* **Your goal**: Output the data below exactly, without images.

* **Data segment**:
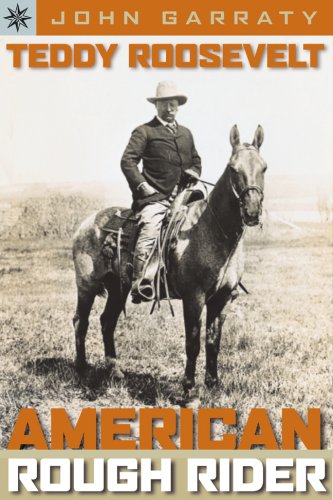 Cover of Theodore Roosevelt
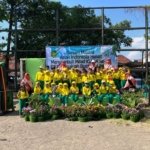 Milad ke 28, IGABA gelar senam massal di lapangan Flores Surabaya 1 Igaba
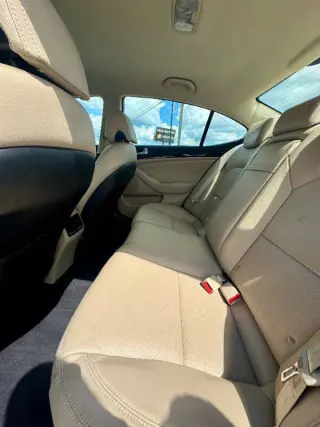 2016 Kia Cadenza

* **Result below**:
 Cover of Theodore Roosevelt
 Milad ke 28, IGABA gelar senam massal di lapangan Flores Surabaya 1 Igaba
 2016 Kia Cadenza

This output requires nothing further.